Key has pushed to remove the Teacher Fair Dismissal Act which sets the procedures that must be used in order to fire a teacher. Last week, Key told reporters he wants to give school administrators the flexibility to fire teachers from any of the district’s failing schools without what he says is a lengthy process.

According to community organizer Dr. Anika Whitfield, removing due process for firing teachers would further harm the district, which has continued to struggle even after being taken over by the state.

"Not only is this not fair, but when we look at the bigger picture, it appears to be a systemic plan to try to implode or fail the Little Rock School District," said Whitfield.

The district's elected school board was dissolved in 2015 after six of the district’s 48 schools were deemed failing. Since then, Key has led the district, which now has over 20 failing schools.

Arkansas Education Commissioner Johnny Key speaking to reporters last Tuesday saying he wouldn't renew the contract for Little Rock teachers in its current form.
Credit Colton Faull / KUAR News

A meeting between Key and the teacher's union was scheduled for Monday afternoon.

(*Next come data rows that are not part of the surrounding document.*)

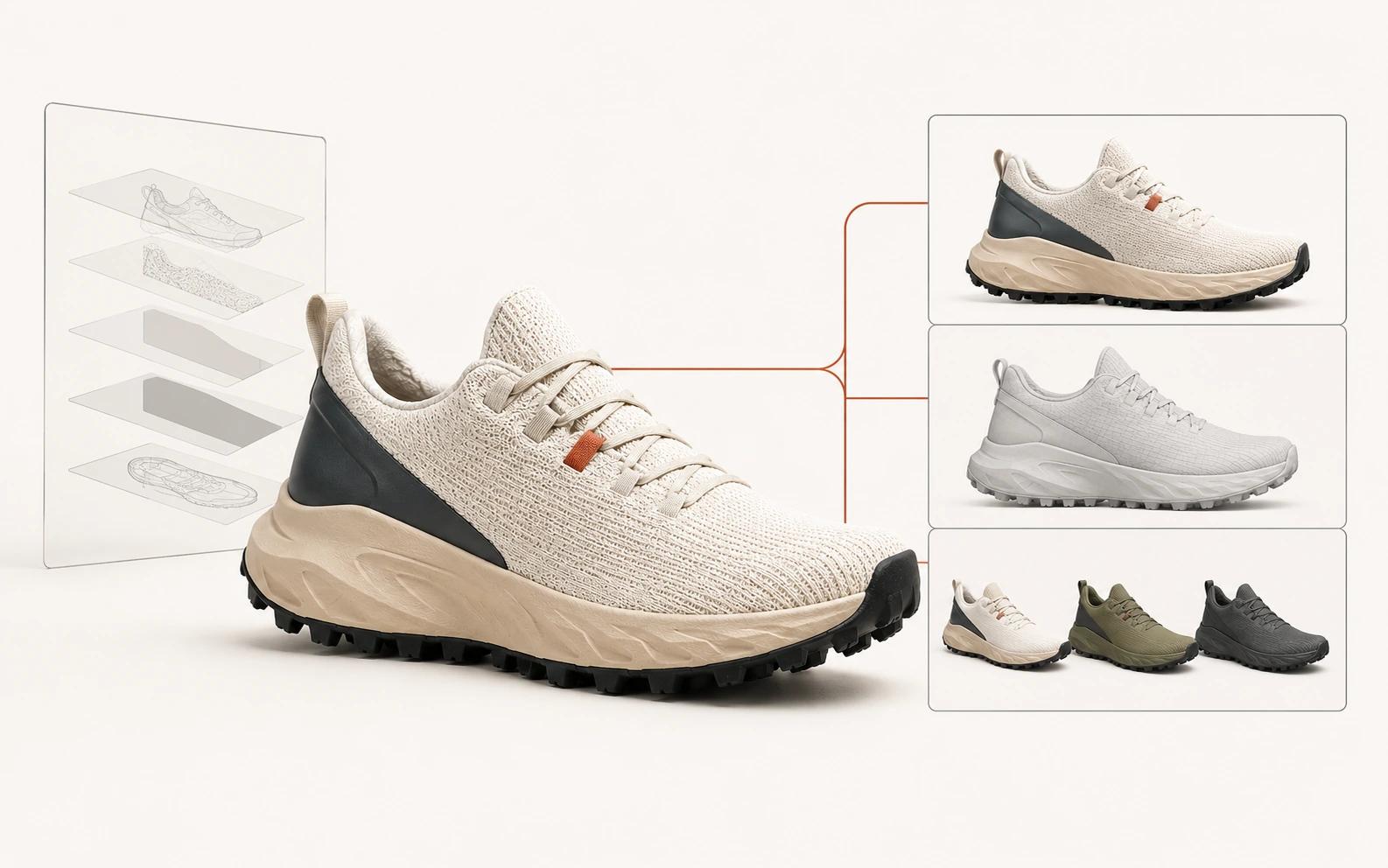 A governed trail-shoe source asset connects to an editable archive and three separately prepared destinations for still imagery, web delivery, and product variants.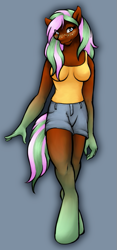 Size: 413x886 | Tagged: safe, artist:clemikou, derpibooru import, oc, oc only, anthro, unguligrade anthro, g3, female, freckles, gradient hooves, simple background, solo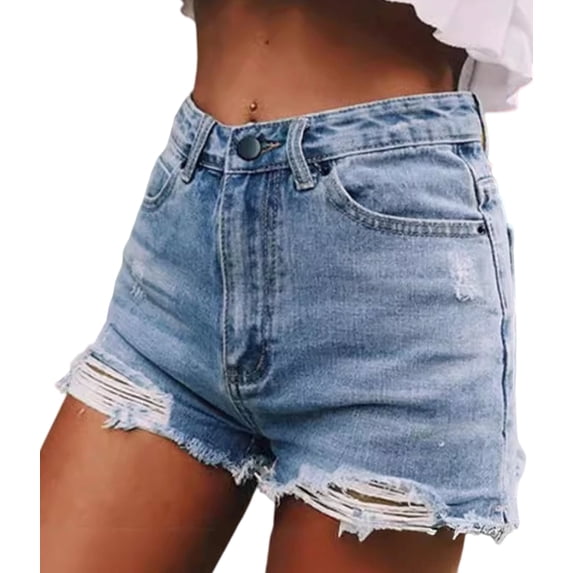 SOMER Juniors Denim Shorts Jeans Shorts for women Mid Rise Stretchy Ripped with Frayed Hem Pockets Casual Summer Teen Girls Short Jeans Blue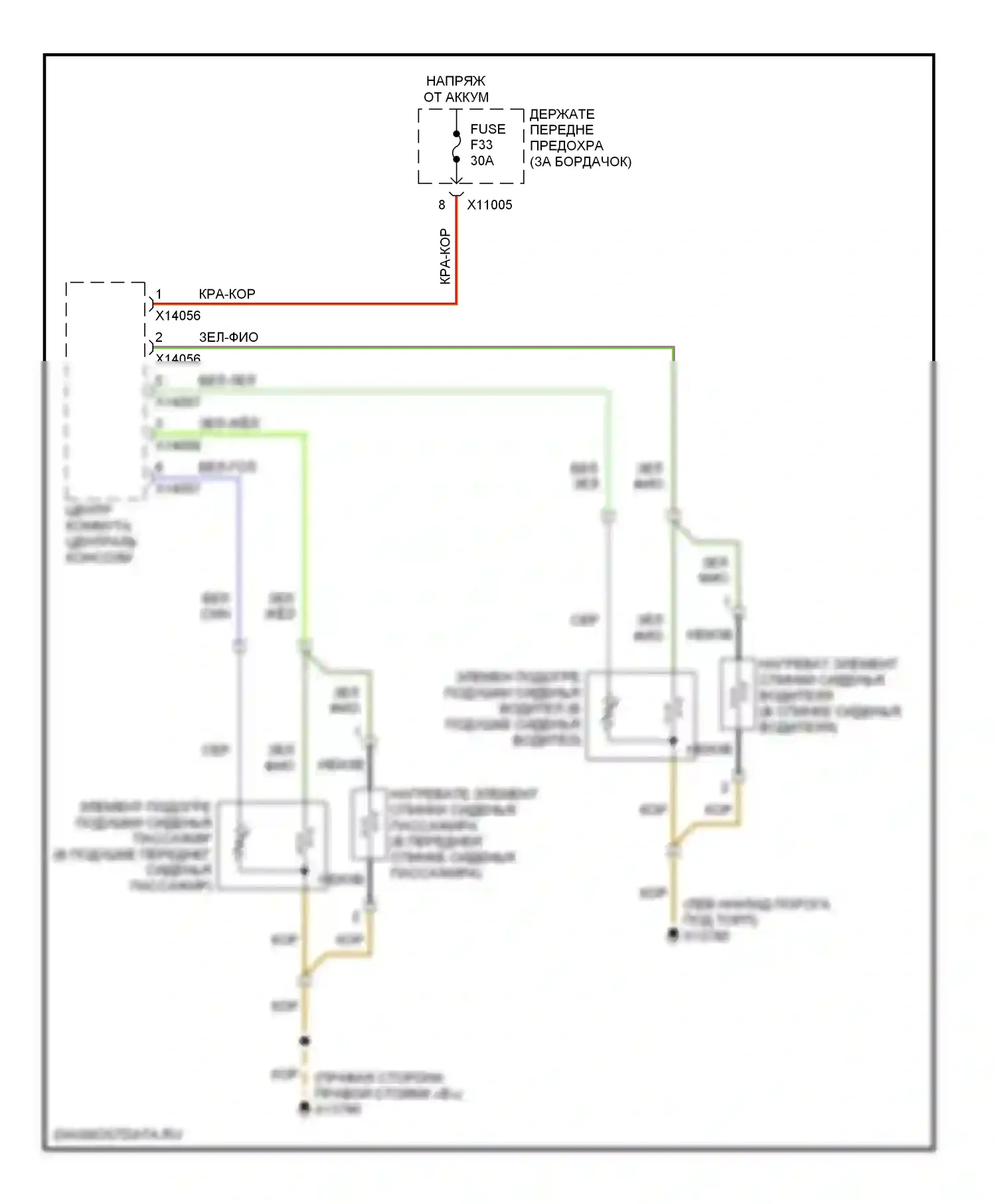 M6 BMW E63/E64 (2005-2010): Электросхема обогреваемых сидений 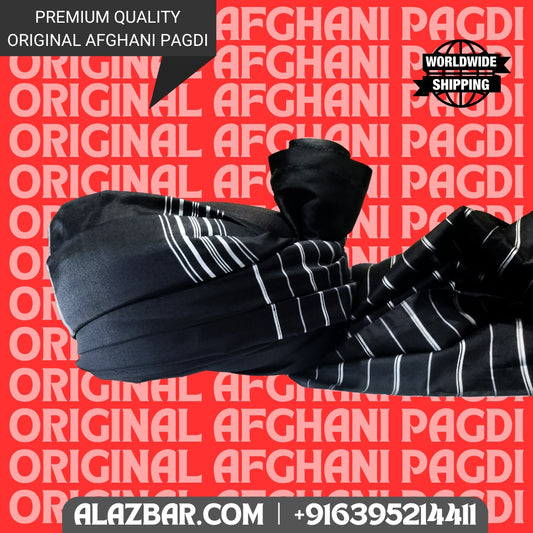 Afghani Original Black Colour pagdi Turban, Amama, Safa 5 meter lenght ONLY FABRIC BY AL-AZBAR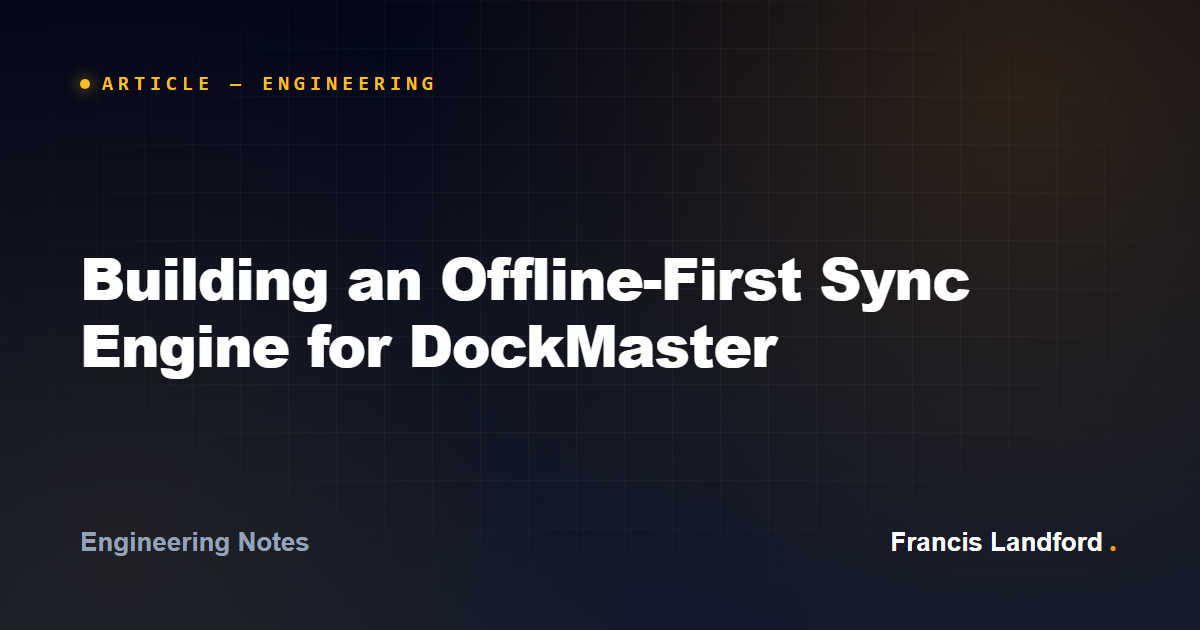 Building an Offline-First Sync Engine for DockMaster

The current contract between the state and the teachers represented by the Little Rock Education Association expires Wednesday at midnight. Key has previously cited teacher absenteeism as one of the reasons for needing to fire teachers from failing schools.

Parents organized by the union to speak with KUAR News said they would support a walkout or strike.

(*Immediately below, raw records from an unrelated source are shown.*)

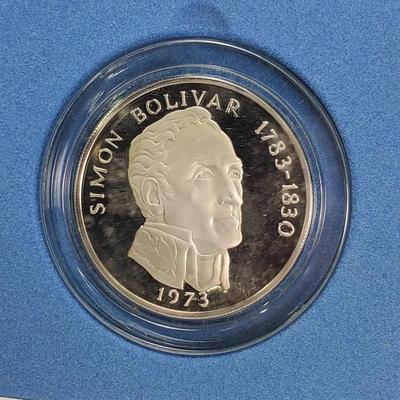 Sterling Silver 1973 Panama 20 Balboas Proof Coin - Franklin Mint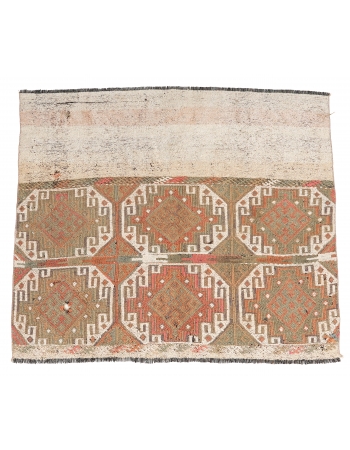 Faded Turkish Small Kilim Rug - 4`3″ x 4`6″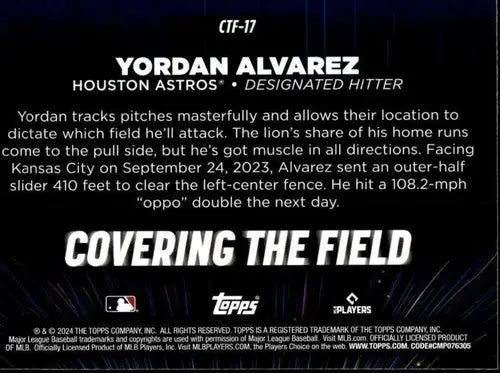 Baseball card back featuring Yordan Alvarez from 2024 Topps Covering the Field series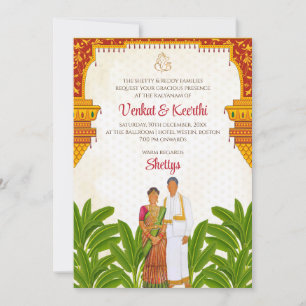 Invitación de boda del sur de la India Tarjeta de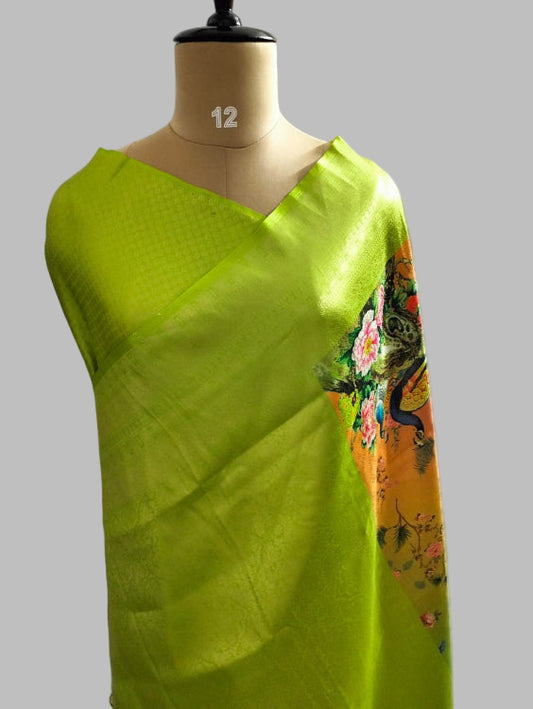 Green with self design semi silk saree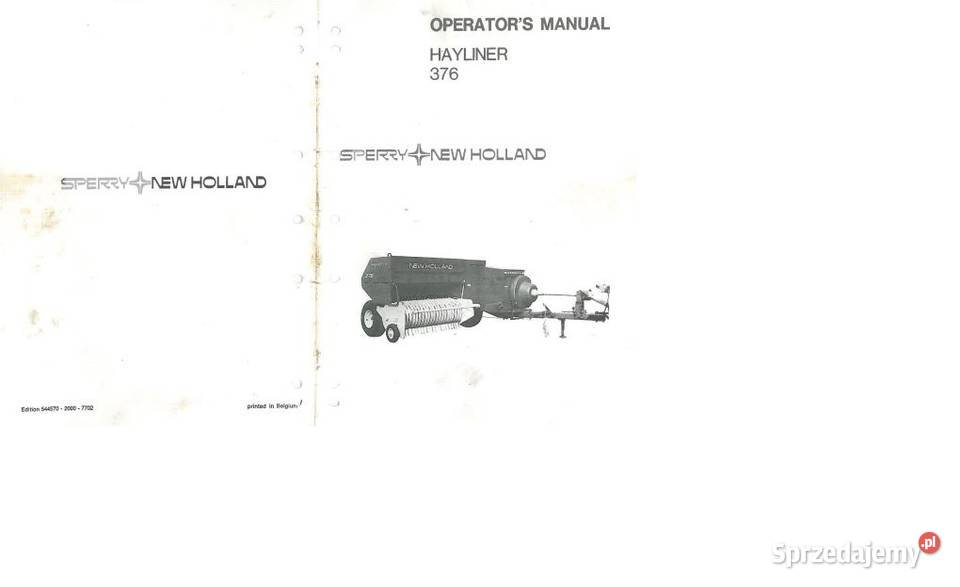 Holland 376 hayliner prasa instrukcja obsługi Pozostałe Kielce sprzedam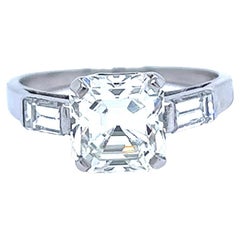 Vintage Mid-Century GIA 2.12 Carats Emerald Cut Diamond Platinum Engagement Ring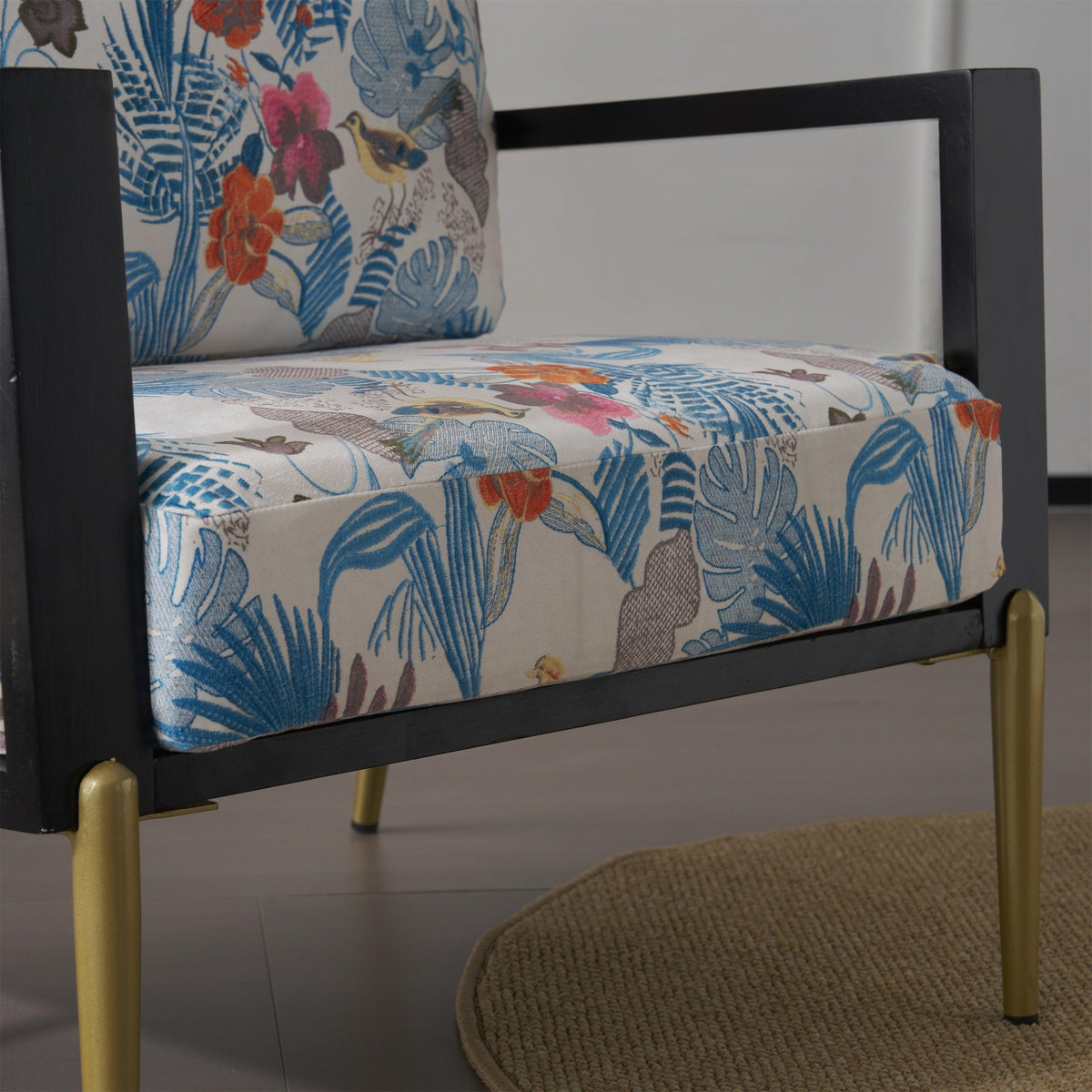 Mid-Century Modern Armchair with Solid Wood Frame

Ryan Davis, a parent of two children in district, argues that due process for teachers is important for the both schools and the community.

"We just have to be awakened to how all of these things are connected. How due and fair processes for our teachers are connected to the success of our students. How resources in our school, in every school, is connected to resources in our particular school. How regulations for charter schools, and the favoritism thereof, affects how our schools operate," Davis said.

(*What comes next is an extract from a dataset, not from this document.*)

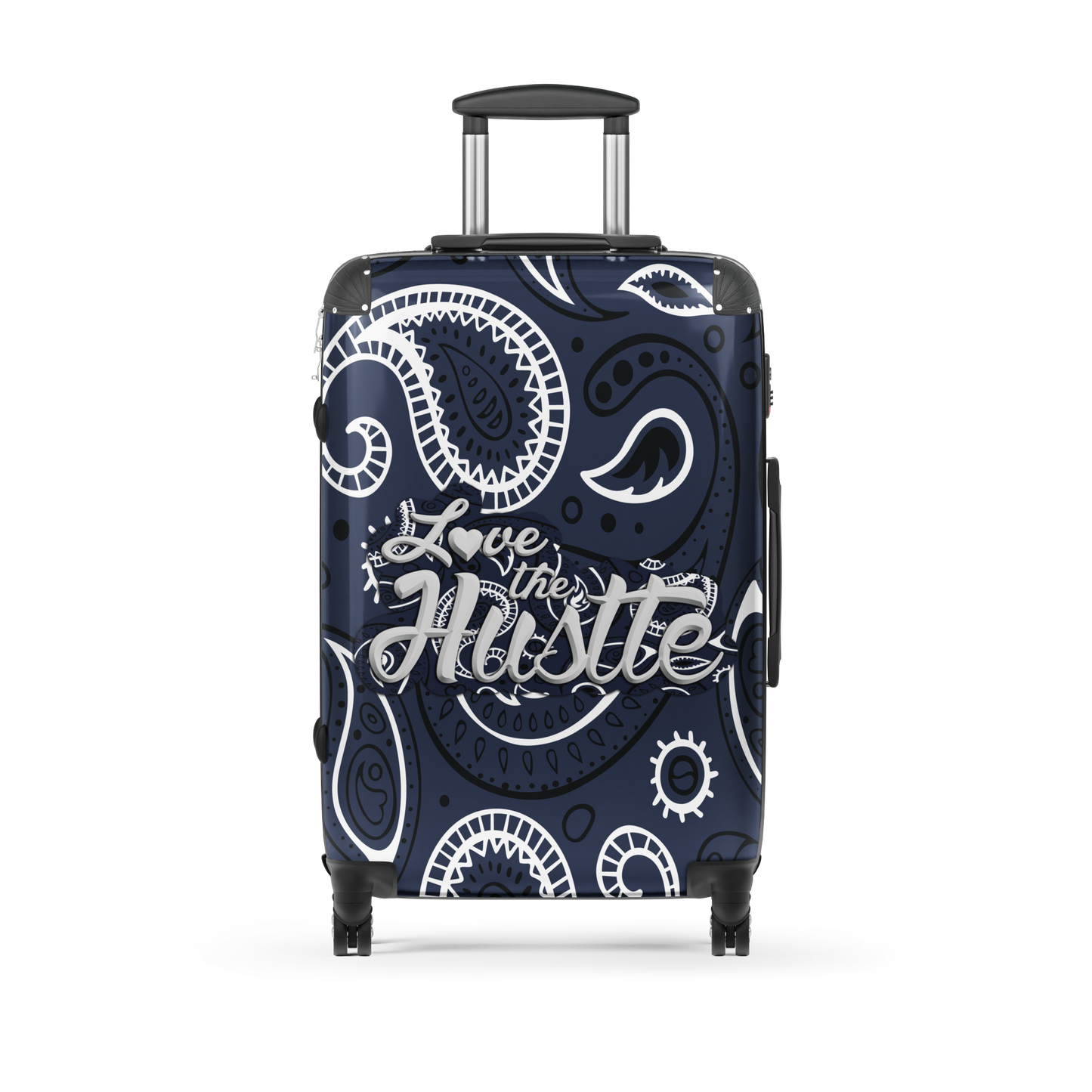 Maleta rígida mediana con diseño de bandana Love The Hustle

Fellow parent Tim Jackson agrees.

"My son has gone to Little Rock Public Schools, got on a bus and drove across town every day through middle school from our West Little Rock neighborhood to Horace Mann [Arts and Science Magnet Middle School] because we wanted him, and he wants to be, in an environment where he is with people of other races, and other cultures, and frankly other languages, and other socioeconomic backgrounds," said Jackson.

UPDATE:

In a statement released after Monday's meeting Commissioner Key said:

The Little Rock School District and the union have just concluded their first meeting with regards to my proposed amendments to the union contract. As a result, I have authorized Mr. Poore to agree to a two-week extension to allow the union to consider language that gives more flexibility to the school district in managing performance. 

We must keep our focus that the decades-long status quo is not working, and our students deserve better. I am disappointed by the union’s misrepresentation of the facts in the proposed contract language. The proposal I have submitted only affects schools with D or F ratings, and it is my expectation that this flexibility would be used as a scalpel, not a chainsaw that would result in mass firings. The academic success of nearly 11,000 LRSD students in these schools depends on having all administrative tools available. The outstanding teachers, administrators and support staff who come to work every day with the sole focus of helping our students achieve their potential have no reason to worry.

We should all have the same goal of ensuring our students are learning at high levels within a safe and secure environment, and as commissioner of the Arkansas Department of Education, it is my responsibility to ensure this for all students of the LRSD.